For now, watch Roosevelt’s new video for “Blinding My Vision” up top, and read our Q&A with him below.

Back in March, you mentioned diving into what you called a natural reclusiveness for the last few years. How did that influence the type of music you are making at this point in your career?
I think it's always influenced the music I make because I grew up as an only child so I’ve always entertained myself. And I came from a production background. so I’ve always been pretty self-sustained. I’m reclusive in a lot of ways. And I like to execute the vision fully. I think that’s what I get out of my artistry.

What would you say inspired the record "Blinding My Vision?"
A lot of things, a lot of experiences. I wouldn’t say it’s a literal thing that happened per se—it’s not like a point-by-point journal of a thing—but it is based on a lot of different experiences I’ve had. When I was writing it, I didn’t have to work too hard. It was one of those flow state type things when I was writing, so I tried to speak to that. 

For the video, it switches back and forth from a woman swimming in a pool to you having a performance in a living room. What were you trying to convey with that?
Definitely just creating a more abstract vibe that visually mirrors the song, even if it's not a verbatim story. But also, the mood of it focuses on the girl in the video, and the band is almost in the background. 

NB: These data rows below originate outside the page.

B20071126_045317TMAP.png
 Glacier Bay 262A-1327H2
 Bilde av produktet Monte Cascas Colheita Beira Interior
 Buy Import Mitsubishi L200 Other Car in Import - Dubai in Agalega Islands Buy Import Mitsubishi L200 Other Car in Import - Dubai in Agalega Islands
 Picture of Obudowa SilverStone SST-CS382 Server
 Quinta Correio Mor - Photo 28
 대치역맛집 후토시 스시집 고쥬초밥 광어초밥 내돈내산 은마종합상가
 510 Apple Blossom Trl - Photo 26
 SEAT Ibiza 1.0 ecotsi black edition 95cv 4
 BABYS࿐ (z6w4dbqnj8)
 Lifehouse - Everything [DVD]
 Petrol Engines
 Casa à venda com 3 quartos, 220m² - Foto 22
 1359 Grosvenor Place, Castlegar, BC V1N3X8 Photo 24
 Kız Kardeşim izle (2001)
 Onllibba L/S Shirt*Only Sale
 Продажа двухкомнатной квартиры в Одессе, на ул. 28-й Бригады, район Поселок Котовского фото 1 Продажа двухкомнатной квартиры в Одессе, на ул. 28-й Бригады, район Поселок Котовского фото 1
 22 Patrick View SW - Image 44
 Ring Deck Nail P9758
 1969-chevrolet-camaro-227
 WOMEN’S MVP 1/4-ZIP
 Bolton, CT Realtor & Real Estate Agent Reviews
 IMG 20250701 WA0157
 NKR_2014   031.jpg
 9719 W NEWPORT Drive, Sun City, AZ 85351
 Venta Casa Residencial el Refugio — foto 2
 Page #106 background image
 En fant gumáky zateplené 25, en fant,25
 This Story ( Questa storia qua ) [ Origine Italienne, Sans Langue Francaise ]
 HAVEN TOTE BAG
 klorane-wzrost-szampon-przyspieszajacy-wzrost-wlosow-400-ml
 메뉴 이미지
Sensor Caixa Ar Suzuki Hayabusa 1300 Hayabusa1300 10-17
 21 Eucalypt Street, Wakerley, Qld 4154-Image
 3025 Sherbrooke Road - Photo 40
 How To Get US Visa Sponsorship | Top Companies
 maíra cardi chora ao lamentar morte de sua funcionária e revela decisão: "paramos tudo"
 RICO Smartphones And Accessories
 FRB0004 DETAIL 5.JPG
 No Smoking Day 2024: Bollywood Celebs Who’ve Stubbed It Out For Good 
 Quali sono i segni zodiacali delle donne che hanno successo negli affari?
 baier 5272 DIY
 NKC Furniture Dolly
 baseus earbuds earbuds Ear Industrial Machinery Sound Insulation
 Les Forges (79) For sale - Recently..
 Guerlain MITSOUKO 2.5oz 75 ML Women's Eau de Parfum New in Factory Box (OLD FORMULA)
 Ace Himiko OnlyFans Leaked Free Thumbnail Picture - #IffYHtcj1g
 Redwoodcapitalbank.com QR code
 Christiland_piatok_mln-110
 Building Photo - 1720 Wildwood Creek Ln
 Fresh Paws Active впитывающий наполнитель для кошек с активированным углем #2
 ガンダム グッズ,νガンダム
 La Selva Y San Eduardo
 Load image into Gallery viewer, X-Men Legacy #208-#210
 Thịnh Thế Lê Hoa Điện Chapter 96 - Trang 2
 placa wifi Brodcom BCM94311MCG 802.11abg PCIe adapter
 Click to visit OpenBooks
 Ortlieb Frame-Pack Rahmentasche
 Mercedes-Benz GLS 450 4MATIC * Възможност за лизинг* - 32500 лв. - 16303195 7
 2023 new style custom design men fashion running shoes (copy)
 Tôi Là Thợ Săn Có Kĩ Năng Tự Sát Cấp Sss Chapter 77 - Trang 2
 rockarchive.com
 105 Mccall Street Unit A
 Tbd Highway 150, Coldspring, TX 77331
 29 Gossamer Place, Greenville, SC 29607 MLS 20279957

You keep the continuity going from the first video for "Adrenaline" to "Blinding My Vision," because they are both shot on Kodak Super 8. In a way, you are kind of telling a story across these songs and videos. What was behind taking that specific visual approach? 
That was [director] Sean Brown’s idea. When we were conceptualizing the visuals we had a few ideas—a lot of them ended up in the [final video]—and we brought those to Sean Brown and he completed them and brought them to life in the 8mm and framing and everything. A lot of that was his vision. But we wanted an organic feel and something that felt visually as good and matched with the records and felt accurate to what I wanted to do artistically. 

Where does the EP fit into what you have planned going forward?
Definitely shows, more music, just more of me in general. Like you said, I have been more reclusive, but at the same time I haven't stopped working and creating and doing what I’ve done. I've just done it more so behind-the-scenes. But now I have a lot of stuff to put out and a lot of ideas that I have conceptualized.